Mr. Coppins was stationed in North Carolina, Washington, D.C., California and Hawaii. Sometimes, the family combined moves with cross-country camping trips, said his son, Michael Coppins.
Mr. Coppins retired in 1963 as a major. He joined St. Petersburg's Traffic Engineering Department, where he converted traffic lights from fixed intervals to times determined by the traffic.
"He was kind of reserved, I would say," said George Webb, 73, a retired chief of public works. "I knew he was retired military, but we never got into that."
Children saw his ribbons and medals, but thought better of it before asking for stories.
At home, Mr. Coppins fixed things. "He was incredibly talented," said Michael Coppins, 61. "Nothing ever broke in our house that he didn't try to fix."

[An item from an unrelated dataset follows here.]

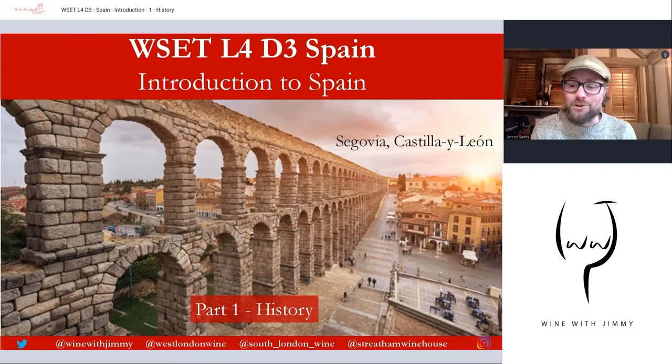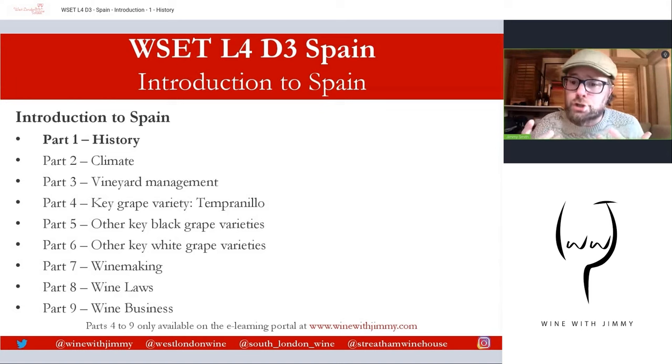Hello everybody, welcome back to the Wine with Jimmy channel. I'm delighted to announce the beginning of a series here. This is WSET Diploma D3 section — the wines of the world — and this is on the wonderful country of Spain. We'll go through the overview of Spain covering history, climate, vineyard management, key grape varieties, winemaking, and so on. It's a nine-part series on the introduction to Spain.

He dabbled in photography and oil painting, and once attempted to duplicate a Picasso canvas.
Mr. Coppins watched a pair of movies directed by Clint Eastwood about Iwo Jima, his son said. He found Letters from Iwo Jima, which tells the story from the Japanese side, "a very thoughtful and interesting movie," but panned Flags of Our Fathers as too negative.
Both of Mr. Coppins' sons, Michael and Stephen, grew up to be naval officers who fought in Vietnam. As Michael became more interested in history, he asked his father more questions about Iwo Jima.
"Even then, you had to pry it out of him," he said.
Mr. Coppins did not join veterans groups, but attended reunions of Iwo Jima survivors. It is impossible to know how many of the 75,000 Marines who participated in the invasion are still alive.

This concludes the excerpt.